According to the just released LightCounting April 2019 edition of the Optical Communications Market Forecast Report, the global optical transceiver market will be overdue for growth after two slower than expected years in 2017-2018. Most likely, it finds, 2019 will be another slow year. The research company then asks: what would it take to put this market back on track for 20 years of 14% CAGR for 2003-2024, (as illustrated in Figure 1)?
LightCounting reckons it should not take much. This is the company’s short wish list for 2019-2020:
- China and the United States reach a trade deal in 2019
- Deployments of 5G roll out as expected, lifting demand for wireless fronthaul and backhaul optics
- Shipments of next generation Ethernet modules, including 2x200GbE, 4x100GbE and 400GbE will reach decent volumes in 2020, and price declines in the Ethernet market return to their historical average.
The company says the last bullet point is the most critical for the market growth in 2020-2024. Ethernet is already the largest segment of the global optical transceiver market, and it is projected to account for 64% of the total in 2024, up from 45% in 2016.
The April report finds that demand for 100GbE Ethernet transceivers was very strong in 2017-2018, but very steep price declines (up to 50% in 2018) limited growth in sales revenue.

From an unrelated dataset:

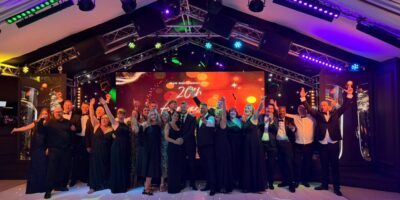 MAG Laundry Equipment 20 Year Business Anniversary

Normalised average price of Ethernet transceivers declined from above US$6/Gbits/s in 2016 to US$3/Gbits/s in 2018. Despite projected moderation in price declines in 2020-2024, the normalised price is projected to drop to just above US$1/Gbits/s by 2024.
Annual price declines reached -37% in 2018, beating the previous record of -33% set in 2011. The normalised ASPs tend to drop more steeply as shipments of new higher speed product reach high volumes. This was the case with 10GbE in 2011, 40GbE in 2014 and 100GbE in 2017-2018. Will history repeat itself in 2020-2024?
LightCounting states that the problem is that there are too many different next generation products on the roadmap now. Google is deploying 2x200GbE SR8 and FR8 transceivers, Amazon plans to use 4x100G DR4, and Facebook is staying with 100GbE for now, and plans to use 200GbE next. Other cloud companies have not publicly finalised their plans yet. Because of this fragmentation none of the products will reach very high volumes, justifying price declines observed in 2018. This may not be great for the customers, but it would be a well overdue break for suppliers.
The updated forecast includes revised projections for the wireless fronthaul and backhaul market to account for changes in deployment plans at China Mobile. It also presents a new analysis suggesting that the percentage of fibre not equipped with optical transmitters (or dark fibre) increased in 2017-2018. A lot of this dark fibre will be used in the fronthaul and backhaul applications.
The forecast also includes a more detailed forecast for WSS modules, as well as high-speed modulators and coherent receivers for DWDM applications. Demand for WSS modules increased sharply in 2018 mostly due to deployments of these modules in China. Demand for pump lasers and fibre amplifiers (not included in this forecast) was also strong in 2017-2018. An increase in sales of these products is a leading indicator for higher sales of DWDM transceivers, modulators, coherent receivers and tunable lasers in the next 2-3 years. This is consistent with LightCounting’s forecast, but growth in sales of those products on a merchant market will be limited by internal manufacturing of these devices by the leading equipment suppliers, including Ciena and Huawei.